Dans quel contexte d’outils et de processus se trouvent les directions financières que vous rencontrez ?

Ce sont souvent les mêmes cas de figure : des systèmes empiriques, trop de fichiers Excel, trop de macros, trop de liens, et donc beaucoup d’usines à gaz… Et dans ces situations, il y a des calculs qui sont probablement faux sans qu’on le sache. Il s’agit bien souvent de systèmes intelligents qui fonctionnent, mais dont les collaborateurs à la source sont partis et la connaissance avec, ce qui présente un vrai risque. Ces systèmes sont alors devenus des boîtes noires non évolutives.

C’est pourquoi on travaille souvent dans ce contexte en mode Reverse Engineering : on part des fichiers Excel et des macros en apportant un regard externe et une critique constructive, afin d’être force de proposition. C’est le seul moyen de ne pas avoir d’écueil, et de faire évoluer les règles de gestion sans risquer des effets de bord et en les paramétrant de la meilleure manière possible dans l’outil EPM qui sera le plus adapté.

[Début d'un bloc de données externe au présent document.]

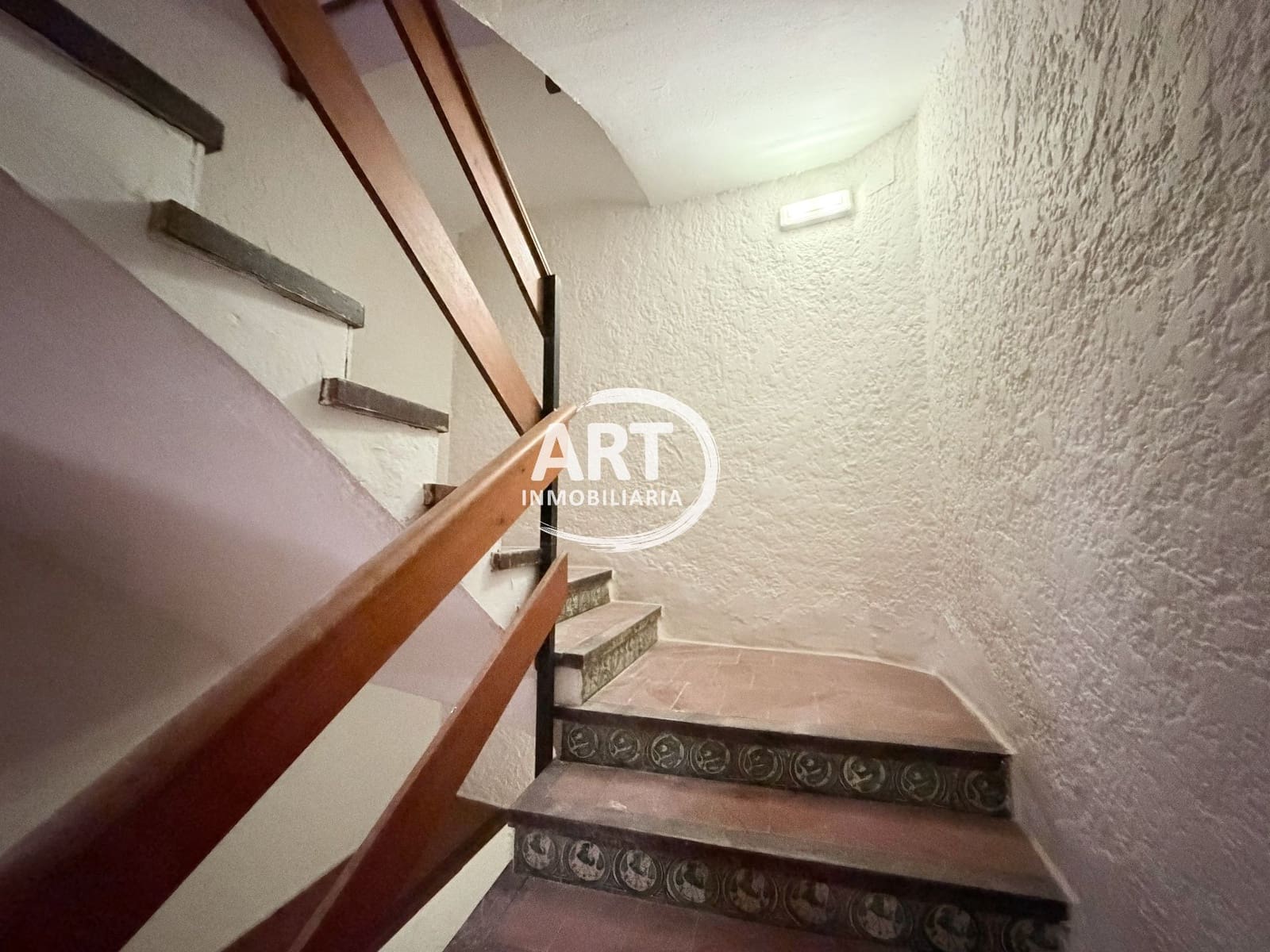 9 bedroom Hotel for sale in Alcala de la Selva with garage - € 650,000 (Ref: 9418979)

« C’est vraiment dans ce type de situations, lorsque les directions financières commencent à parler du « bouzin » ou à craindre de changer quelque chose dans leur système, que cela doit les alerter et les amener à faire appel à une AMOA externe… »

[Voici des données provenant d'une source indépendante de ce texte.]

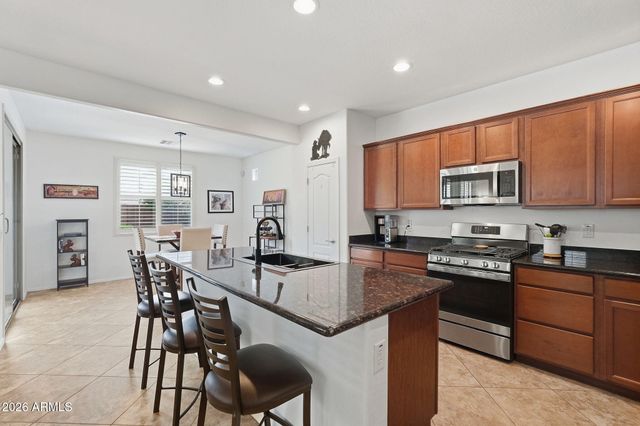 3463 E CARLA VISTA Drive, Gilbert, AZ 85295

Dans d’autres cas de figure liés par exemple à des évolutions significatives dans le groupe et ses activités, ou l’arrivée de nouveaux dirigeants souhaitant simplifier et faire évoluer leurs outils de pilotage pour être plus performant, on rencontre des directions financières qui souhaitent opérer une vraie transformation de leur système financier. Dans ces cas précis, il faut remettre à plat tous leurs processus et référentiels en proposant une révolution à tous les niveaux (mode de pensées, règles de gestion et outils).

La première étape sera de percevoir l’écart d’acceptation entre les sponsors et les équipes sur le terrain : ceci afin de mesurer les chances de succès d’un tel projet.  

A partir de ce constat, le rôle de l’AMOA sera de proposer ce qui est acceptable par l’ensemble des acteurs (tout en mettant la barre à un niveau élevé pour essayer d’embarquer un maximum d’intervenants, avant de temporiser s’il y a lieu pour trouver un compromis). Pour mesurer la possibilité de réussite du projet, le rôle de l’AMOA sera de faire un équilibre entre les forces en présence :

  • Capacité de l’IT (interfaces et réactivité),
  • Capacité de la MOA interne (compréhension du métier et expérience projet),
  • Capacité du métier à être un véritable acteur (définition de ses propres besoins et ouverture d’esprit au challenge).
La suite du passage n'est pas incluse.